Scheiden is het sorteren van stoffen op basis van verschillen in stofeigenschappen van de zuivere stoffen, waaruit het mengsel is opgebouwd. Zo wordt er bij de scheidingsmethode bezinken gebruik gemaakt van de verschillende dichtheden van de stoffen in het mengsel.

Op microniveau kun je scheiden beschrijven als het sorteren van verschillende moleculen.

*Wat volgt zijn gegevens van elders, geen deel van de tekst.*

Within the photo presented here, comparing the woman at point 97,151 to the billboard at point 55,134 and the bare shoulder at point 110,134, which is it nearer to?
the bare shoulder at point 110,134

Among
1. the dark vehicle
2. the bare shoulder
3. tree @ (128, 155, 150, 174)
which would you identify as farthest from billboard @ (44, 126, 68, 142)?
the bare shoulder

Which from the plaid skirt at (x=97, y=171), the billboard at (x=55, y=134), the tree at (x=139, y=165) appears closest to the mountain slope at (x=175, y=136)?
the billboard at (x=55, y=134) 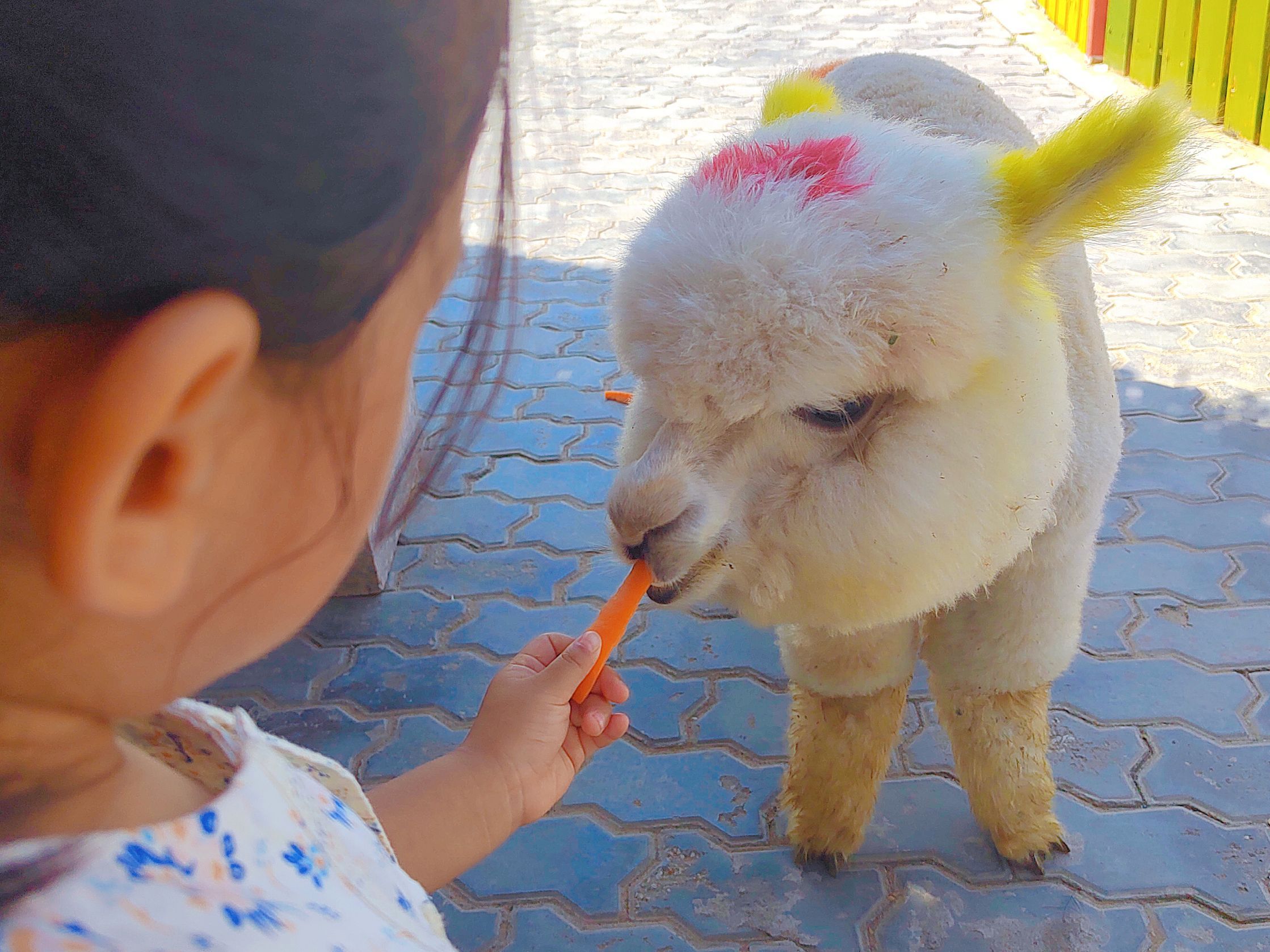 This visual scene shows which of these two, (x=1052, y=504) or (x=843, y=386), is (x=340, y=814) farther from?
(x=1052, y=504)

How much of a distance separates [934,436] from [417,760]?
5.38ft

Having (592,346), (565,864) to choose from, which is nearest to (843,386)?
(565,864)

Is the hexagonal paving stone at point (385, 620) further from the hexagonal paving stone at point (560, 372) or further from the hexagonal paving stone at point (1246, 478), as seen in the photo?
the hexagonal paving stone at point (1246, 478)

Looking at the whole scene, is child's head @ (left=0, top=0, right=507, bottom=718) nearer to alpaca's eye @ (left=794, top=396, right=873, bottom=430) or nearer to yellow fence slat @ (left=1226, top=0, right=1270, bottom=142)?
alpaca's eye @ (left=794, top=396, right=873, bottom=430)

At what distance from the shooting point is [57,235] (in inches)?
19.8

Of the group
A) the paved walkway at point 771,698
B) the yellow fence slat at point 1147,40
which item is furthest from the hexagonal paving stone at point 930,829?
the yellow fence slat at point 1147,40

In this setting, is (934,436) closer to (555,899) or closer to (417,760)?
(555,899)

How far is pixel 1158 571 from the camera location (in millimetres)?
3016

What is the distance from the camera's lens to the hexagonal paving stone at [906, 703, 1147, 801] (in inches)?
92.5

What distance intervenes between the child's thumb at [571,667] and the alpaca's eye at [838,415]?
43 centimetres

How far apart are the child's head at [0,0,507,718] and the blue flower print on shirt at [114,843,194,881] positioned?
0.32 ft

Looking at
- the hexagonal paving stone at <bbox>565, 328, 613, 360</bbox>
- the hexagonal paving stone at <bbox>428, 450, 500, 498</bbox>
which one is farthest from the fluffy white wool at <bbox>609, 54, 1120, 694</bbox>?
the hexagonal paving stone at <bbox>565, 328, 613, 360</bbox>

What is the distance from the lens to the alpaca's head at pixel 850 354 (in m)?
1.29

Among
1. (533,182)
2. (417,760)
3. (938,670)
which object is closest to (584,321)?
(533,182) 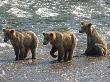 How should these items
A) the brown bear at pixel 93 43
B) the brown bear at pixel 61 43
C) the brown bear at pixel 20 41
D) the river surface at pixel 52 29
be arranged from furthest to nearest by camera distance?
the brown bear at pixel 93 43
the brown bear at pixel 20 41
the brown bear at pixel 61 43
the river surface at pixel 52 29

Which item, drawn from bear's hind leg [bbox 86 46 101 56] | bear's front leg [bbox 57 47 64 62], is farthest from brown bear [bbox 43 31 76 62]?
bear's hind leg [bbox 86 46 101 56]

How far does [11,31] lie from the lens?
16.9 metres

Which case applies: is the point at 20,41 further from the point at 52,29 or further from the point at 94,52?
the point at 52,29

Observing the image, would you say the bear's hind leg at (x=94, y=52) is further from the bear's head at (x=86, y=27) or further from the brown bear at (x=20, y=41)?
the brown bear at (x=20, y=41)

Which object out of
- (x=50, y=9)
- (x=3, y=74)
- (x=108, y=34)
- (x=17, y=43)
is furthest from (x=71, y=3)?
(x=3, y=74)

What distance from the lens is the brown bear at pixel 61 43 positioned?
16.5m

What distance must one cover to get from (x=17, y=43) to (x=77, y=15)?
1051 cm

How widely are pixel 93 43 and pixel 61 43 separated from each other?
7.87 feet

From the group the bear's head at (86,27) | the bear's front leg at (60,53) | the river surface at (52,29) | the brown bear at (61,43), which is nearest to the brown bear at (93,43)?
the bear's head at (86,27)

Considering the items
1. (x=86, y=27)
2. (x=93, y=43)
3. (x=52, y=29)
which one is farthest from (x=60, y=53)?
(x=52, y=29)

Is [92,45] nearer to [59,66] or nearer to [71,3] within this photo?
[59,66]

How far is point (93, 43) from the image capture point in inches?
736

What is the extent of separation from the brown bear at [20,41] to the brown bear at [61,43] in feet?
2.65

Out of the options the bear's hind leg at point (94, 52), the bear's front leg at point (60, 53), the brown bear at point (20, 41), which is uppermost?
the brown bear at point (20, 41) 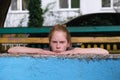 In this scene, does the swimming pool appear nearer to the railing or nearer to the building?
the railing

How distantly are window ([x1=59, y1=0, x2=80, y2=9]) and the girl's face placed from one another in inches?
746

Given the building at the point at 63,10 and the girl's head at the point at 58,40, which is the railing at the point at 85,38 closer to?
the girl's head at the point at 58,40

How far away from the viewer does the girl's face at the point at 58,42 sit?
409 centimetres

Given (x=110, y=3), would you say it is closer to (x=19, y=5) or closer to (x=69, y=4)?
(x=69, y=4)

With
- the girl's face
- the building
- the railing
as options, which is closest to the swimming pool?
the girl's face

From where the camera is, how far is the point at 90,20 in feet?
32.4

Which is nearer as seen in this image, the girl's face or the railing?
the girl's face

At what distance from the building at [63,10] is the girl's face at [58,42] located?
58.7 feet

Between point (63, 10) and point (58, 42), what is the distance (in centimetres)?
1876

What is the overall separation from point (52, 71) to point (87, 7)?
19.2m

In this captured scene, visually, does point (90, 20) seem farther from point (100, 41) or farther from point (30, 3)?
point (30, 3)

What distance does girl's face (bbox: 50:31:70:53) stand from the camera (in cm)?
409

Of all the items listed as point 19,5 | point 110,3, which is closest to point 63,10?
point 110,3

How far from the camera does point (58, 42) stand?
4.11 metres
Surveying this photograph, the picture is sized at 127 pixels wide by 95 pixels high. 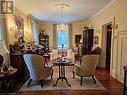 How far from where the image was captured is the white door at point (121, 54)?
4.57 metres

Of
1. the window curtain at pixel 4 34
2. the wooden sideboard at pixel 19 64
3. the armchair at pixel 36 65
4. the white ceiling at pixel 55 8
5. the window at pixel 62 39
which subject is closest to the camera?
the armchair at pixel 36 65

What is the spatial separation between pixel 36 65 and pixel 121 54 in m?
2.83

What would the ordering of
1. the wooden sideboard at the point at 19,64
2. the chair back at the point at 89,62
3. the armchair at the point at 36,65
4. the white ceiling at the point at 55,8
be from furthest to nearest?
the white ceiling at the point at 55,8
the wooden sideboard at the point at 19,64
the chair back at the point at 89,62
the armchair at the point at 36,65

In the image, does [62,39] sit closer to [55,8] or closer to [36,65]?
[55,8]

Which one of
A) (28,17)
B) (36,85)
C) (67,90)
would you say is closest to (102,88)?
(67,90)

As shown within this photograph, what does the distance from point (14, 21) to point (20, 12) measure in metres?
1.19

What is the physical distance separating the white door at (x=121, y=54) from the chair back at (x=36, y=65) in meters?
2.51

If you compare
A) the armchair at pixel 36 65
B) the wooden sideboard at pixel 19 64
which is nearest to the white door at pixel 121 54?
the armchair at pixel 36 65

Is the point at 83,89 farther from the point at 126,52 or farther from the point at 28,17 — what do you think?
the point at 28,17

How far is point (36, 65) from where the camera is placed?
4.21m

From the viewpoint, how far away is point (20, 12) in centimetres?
684

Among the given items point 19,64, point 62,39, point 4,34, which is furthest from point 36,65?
point 62,39

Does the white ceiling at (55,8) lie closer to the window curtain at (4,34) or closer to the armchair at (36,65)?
the window curtain at (4,34)

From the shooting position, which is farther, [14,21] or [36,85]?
[14,21] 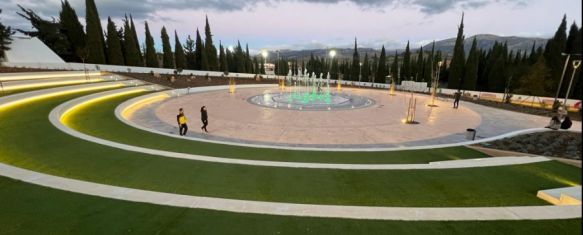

Deze M&M's zijn gesorteerd op basis van hun kleur.

Leerdoelen

Ik kan voor de scheidingsmethoden bezinken, centrifugeren, filtreren, extraheren, indampen, destilleren, adsorberen en chromatograferen:

  • uitleggen welk type mengsel gescheiden kan worden.
  • uitleggen op welke stofeigenschap de scheiding gebaseerd is.
  • beschrijven wat je kunt doen om de scheiding te verbeteren.
  • de begrippen filtraat, destillaat, residu, loopvloeistof en chromatogram op de juiste wijze gebruiken.
  • de verschillende onderdelen van een destillatie opstelling benoemen.
  • voor- en nadelen benoemen.
  • een toepassing geven.
  • op zowel macro- als microniveau weergeven wat er met de stoffen in het mengsel gebeurt.
  • Ik kan bij een gegeven mengsel een werkplan opstellen om dit mengsel te scheiden.

Bezinken en Centrifugeren

Beide methoden berusten op het verschil in dichtheid van de componenten van het mengsel.

Bezinken

Suspensies kun je laten uitzakken (bezinken). De korreltjes vaste stof zakken naar de bodem; hun dichtheid is groter dan die van de vloeistof. Wanneer de korreltjes vaste stof heel erg klein zijn kan bezinken lang duren. Net als een suspensie vertoont ook een emulsie de neiging om spontaan te ontmengen (uitzakken) door dichtheidsverschillen. Er ontstaan dan twee lagen.

Toepassing:

Als modderwater stil blijft staan, zakken uiteindelijk de klei- en zanddeeltjes naar de bodem.


Een schematische weergave van een centrifuge.

Centrifugeren

Centrifugeren is eigenlijk niets anders dan versneld bezinken. Wanneer bezinken te lang duurt, kan het bezinkproces worden versneld door opwekking van een centrifugale kracht. Voor het opwekken van een dergelijke kracht gebruiken we een centrifuge.

Toepassing:

In laboratoria is de centrifuge een veel gebruikt apparaat, bijvoorbeeld bij bloedonderzoek, zodat je de bestanddelen van bloed afzonderlijk kunt onderzoeken.
Centrifugeren is ook toepasbaar op emulsies, als het dichtheidsverschil groot genoeg is. Een voorbeeld is het ontromen van melk.


Opdracht

Havo: Maak opdracht 22 en 23 uit je boek.
Vwo: Maak opdracht 17 en 32 uit je boek.

Filtreren

Filtreren berust op het verschil in deeltjesgrootte van de componenten van het mengsel.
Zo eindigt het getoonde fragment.